(Exercise details): In the entries below, print exactly the lines from the first through the one with "EARLY C 1850", both included, and none of the pictures.

[[ Extracted material, beginning ]]

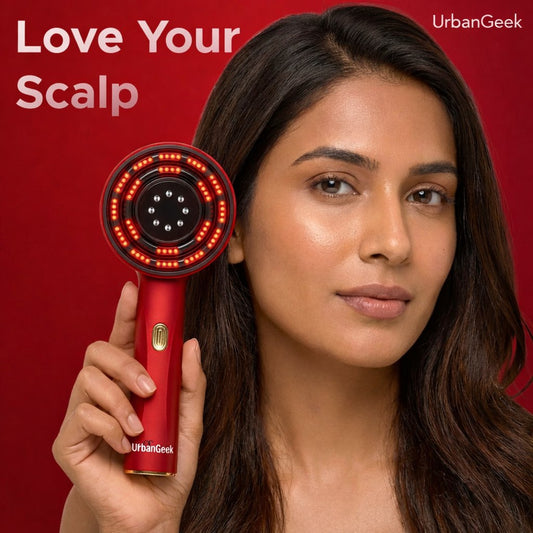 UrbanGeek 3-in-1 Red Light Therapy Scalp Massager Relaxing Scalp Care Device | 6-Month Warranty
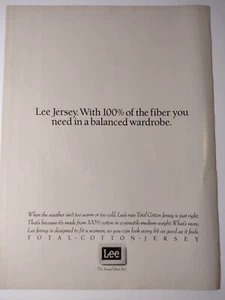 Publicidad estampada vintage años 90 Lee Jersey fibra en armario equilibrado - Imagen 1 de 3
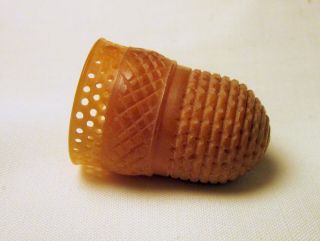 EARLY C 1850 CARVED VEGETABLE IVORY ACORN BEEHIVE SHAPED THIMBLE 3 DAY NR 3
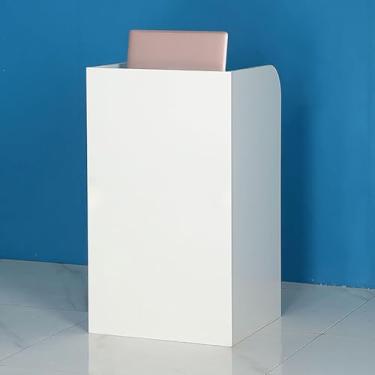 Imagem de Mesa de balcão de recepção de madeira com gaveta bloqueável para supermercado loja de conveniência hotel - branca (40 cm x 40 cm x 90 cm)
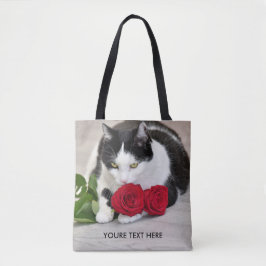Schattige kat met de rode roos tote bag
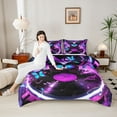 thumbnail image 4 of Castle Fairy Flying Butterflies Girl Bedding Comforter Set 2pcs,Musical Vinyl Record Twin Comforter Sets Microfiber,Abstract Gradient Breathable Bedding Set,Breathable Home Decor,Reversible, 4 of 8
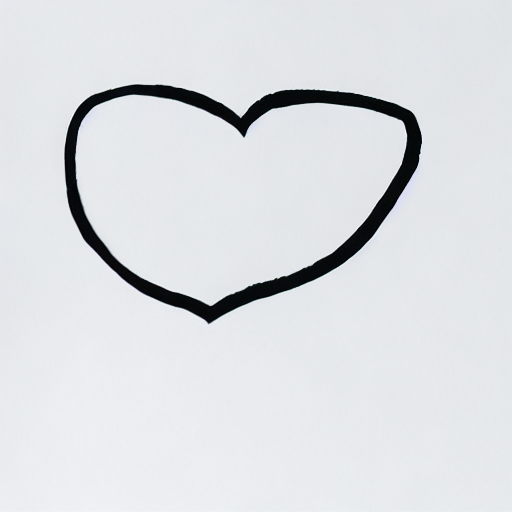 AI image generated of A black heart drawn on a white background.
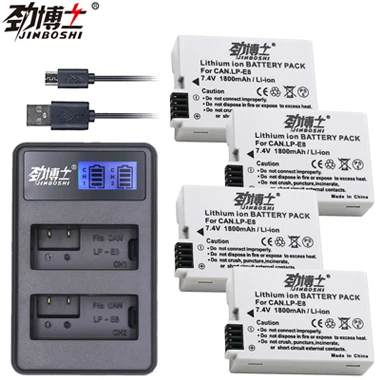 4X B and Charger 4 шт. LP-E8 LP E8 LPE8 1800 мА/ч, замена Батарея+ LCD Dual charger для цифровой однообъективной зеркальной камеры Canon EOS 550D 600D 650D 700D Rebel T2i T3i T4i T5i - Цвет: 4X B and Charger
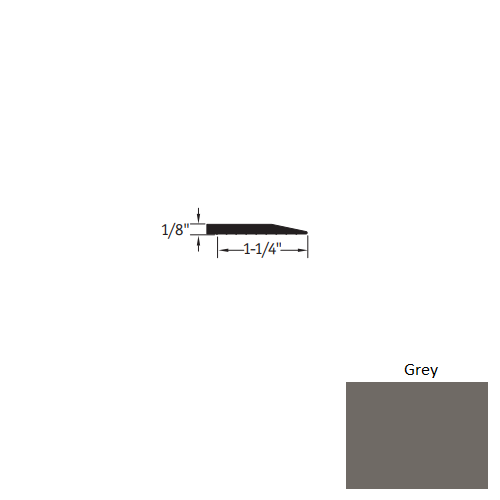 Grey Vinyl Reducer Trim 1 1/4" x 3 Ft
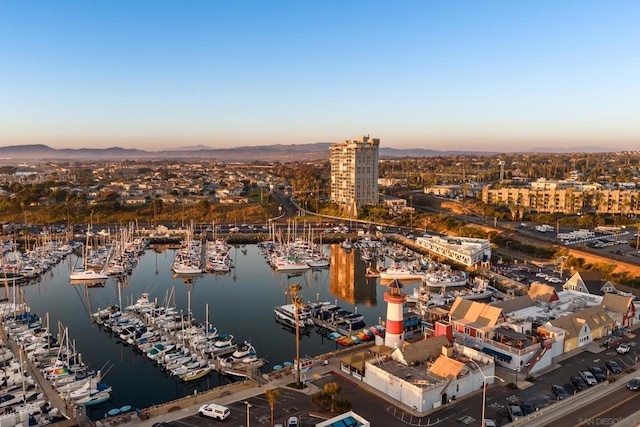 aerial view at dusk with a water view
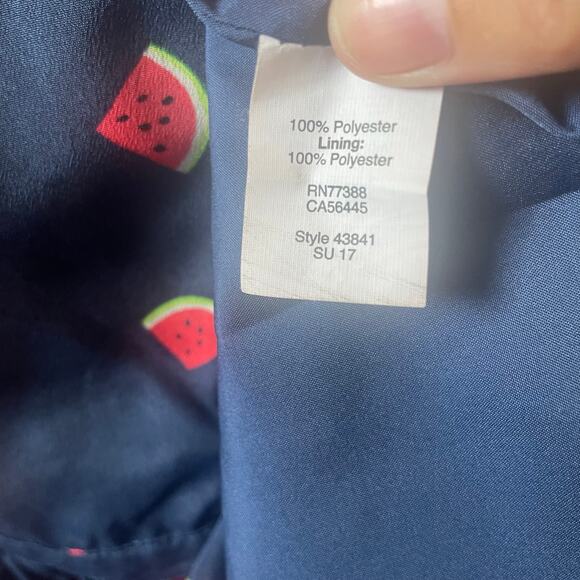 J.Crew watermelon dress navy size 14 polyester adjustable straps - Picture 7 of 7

[[ Extracted material, end ]]

(Answer):
 UrbanGeek 3-in-1 Red Light Therapy Scalp Massager Relaxing Scalp Care Device | 6-Month Warranty
 Publicidad estampada vintage años 90 Lee Jersey fibra en armario equilibrado - Imagen 1 de 3
 EARLY C 1850 CARVED VEGETABLE IVORY ACORN BEEHIVE SHAPED THIMBLE 3 DAY NR 3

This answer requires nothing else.